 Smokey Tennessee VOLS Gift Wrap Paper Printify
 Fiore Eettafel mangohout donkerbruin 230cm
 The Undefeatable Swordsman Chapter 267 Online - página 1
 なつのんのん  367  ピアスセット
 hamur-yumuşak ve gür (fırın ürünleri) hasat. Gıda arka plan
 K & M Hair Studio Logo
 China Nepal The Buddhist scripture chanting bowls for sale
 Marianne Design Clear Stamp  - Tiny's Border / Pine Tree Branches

***

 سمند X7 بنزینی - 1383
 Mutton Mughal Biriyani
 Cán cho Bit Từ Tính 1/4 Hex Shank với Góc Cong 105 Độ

***

* Problem description: Above are records; repeat only the lines starting at the line with "Mutton Mughal Biriyani" and ending at the line with "Cán cho Bit", exactly as they appear, both included.

* Exercise result:
 Mutton Mughal Biriyani
 Cán cho Bit Từ Tính 1/4 Hex Shank với Góc Cong 105 Độ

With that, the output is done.